§ What you have to do
Output the complete listing exactly, please, and keep the pictures out of it.

§ Information shown
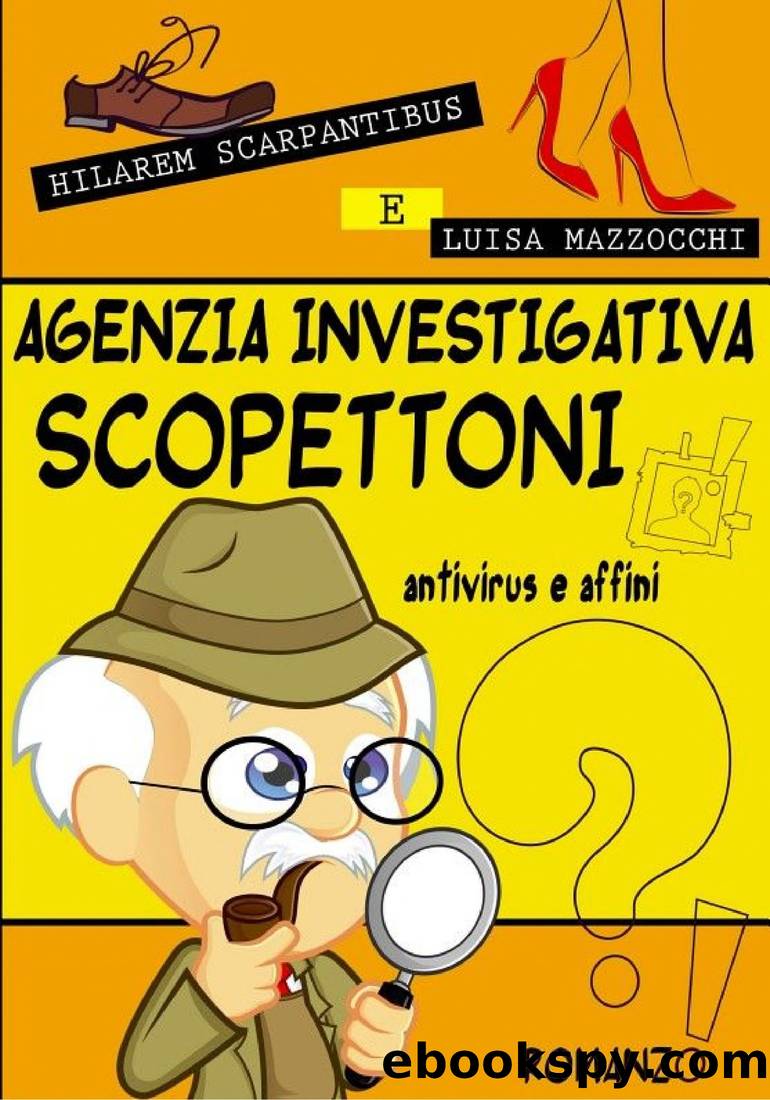 Agenzia Investigativa Scopettoni antivirus e affini by Luisa Mazzocchi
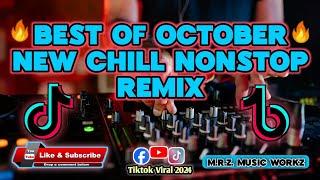 NEW NONSTOP BEST OF OCTOBER CHILL REMIX (TIKTOK VIRAL) - M.R.Z. MUSIC WORKZ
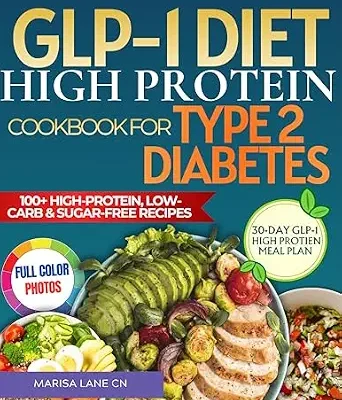 خرید و دانلود نسخه کامل کتاب زبان اصلی GLP-1 Diet High Protein Cookbook For Type 2 Diabetes: 101 High-Protein, Low-Carb & Sugar-Free Recipes to Support GLP-1 Medications, Stabilize Blood Sugar, Protect Muscle, and Lose Weight Safely | دانلود کتاب خارجی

§ Output for this exercise
 Agenzia Investigativa Scopettoni antivirus e affini by Luisa Mazzocchi
 NEW NONSTOP BEST OF OCTOBER CHILL REMIX (TIKTOK VIRAL) - M.R.Z. MUSIC WORKZ
 خرید و دانلود نسخه کامل کتاب زبان اصلی GLP-1 Diet High Protein Cookbook For Type 2 Diabetes: 101 High-Protein, Low-Carb & Sugar-Free Recipes to Support GLP-1 Medications, Stabilize Blood Sugar, Protect Muscle, and Lose Weight Safely | دانلود کتاب خارجی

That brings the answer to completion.